2015/12/13

読書感想文・蔵出し⑯

  読書感想文の蔵出しには、必ず、言い訳が付いているものですが、今回もあります。 10月から始めた、部屋の整理が終盤に近づき、いよいよ、ラスボスとも言うべき、ワープロ時代につけていて、紙に印刷して残してある、「紙日記」の処分に手をつけたのですが、これが、「赤裸々な心情の吐露」とか、「小説の断片」など、大変、恥ずかしい内容を、膨大な量、含んでおりまして、とても、そのままでは残しておけない事が分かりました。

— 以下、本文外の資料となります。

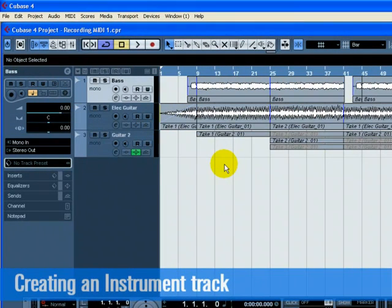In this section, we are going to add some more instruments to our song. In our previous tutorials, we have recorded audio. Now we are going to record using MIDI.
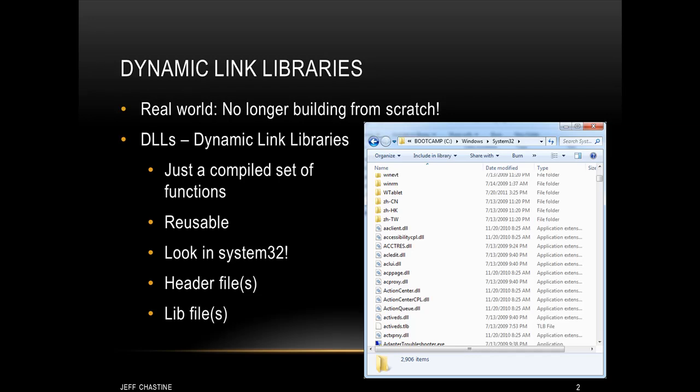So for example, you may have a couple of games and a couple of applications that use the same graphics library, and that can be packaged into a DLL. If you want to get an idea about how many DLLs you have on your own system, you might want to look in C Windows System32. You'll probably find a couple hundred of them. And as I said before, DLLs usually come with header files and lib files.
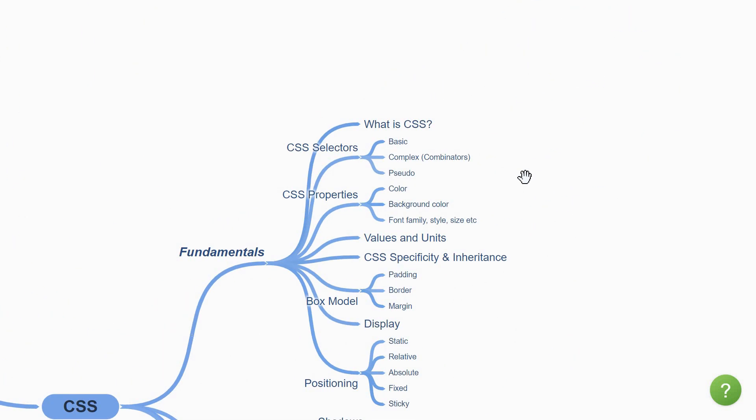We are going to begin by understanding what exactly is CSS. CSS, which stands for Cascading Style Sheets, is a style sheet language and is basically the code that styles the web content. So HTML defines the structure of your website, while CSS is used to selectively style those HTML elements.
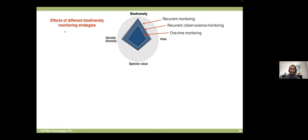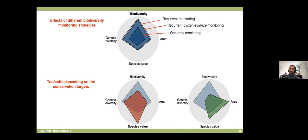Knowing every detail about biodiversity gives some improvement, but it's not as crucial as doing this monitoring very regularly throughout the implementation of the policy. We can also use reinforcement learning to optimize policies targeting different objectives. A policy focused on protecting as much biodiversity as possible differs from one maximizing the commercial value of protected species. This framework lets us evaluate trade-offs between different conservation objectives — for example, focusing on species value versus protecting area leads to different biodiversity outcomes.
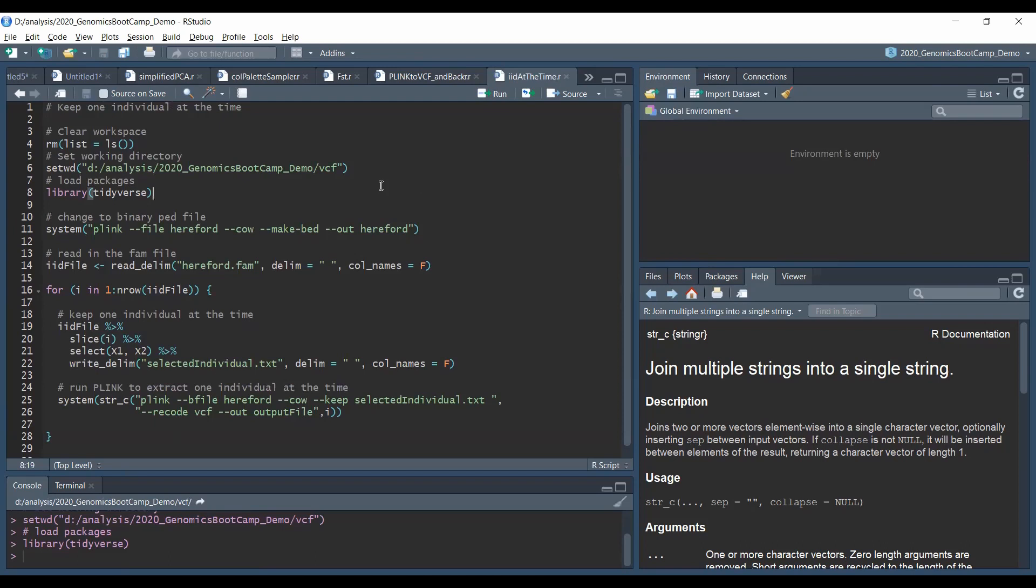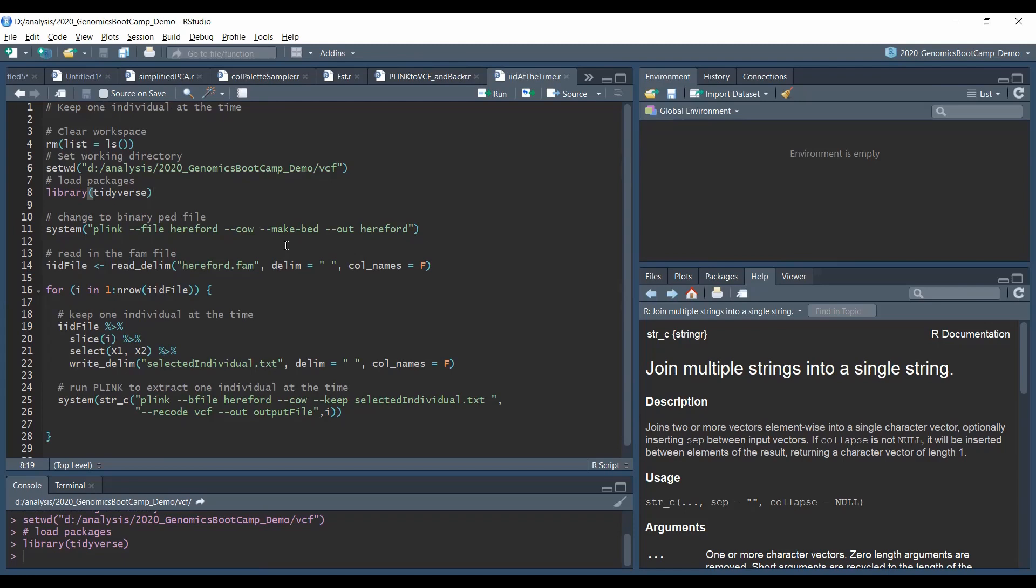Out of convenience we work with the tidyverse, so we need to load the dplyr library, and we actually need the binary ped file. So if you don't have your Plink files in the binary format, then you could run this line. Otherwise if you have it already in binary format this is not necessary. Now what we really need the binary ped format for is that this file, the fam file, which actually lists each individual in one line. And this is really useful for us because you can have hundreds and thousands and tens of thousands of individuals in your data files.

  さりとて、人生の記録も含まれていますから、そのまま、シュレッドしてしまうわけにも行きません。 で、全ページを写真に撮った上で、重要事項を調べ易いように、索引を作り、その後、紙の方をシュレッドして捨てる事にしました。 ところが、索引作りに、予想よりも手間取り、年内に終わるかどうか、微妙な情勢に・・・。 この件については、また、詳しく書きます。

  他に、ここ一年の間に、めっきり衰えて、脚立に上れなくなってしまった父の代わりに、庭木の剪定もしなければならず、立て込み具合に、ますます拍車がかかっている始末。 よく考えてみれば、日記の処分なんぞ、別に急がなくてもいいんですが、性格的に、「ぼちぼち、進める」という事ができないんですな。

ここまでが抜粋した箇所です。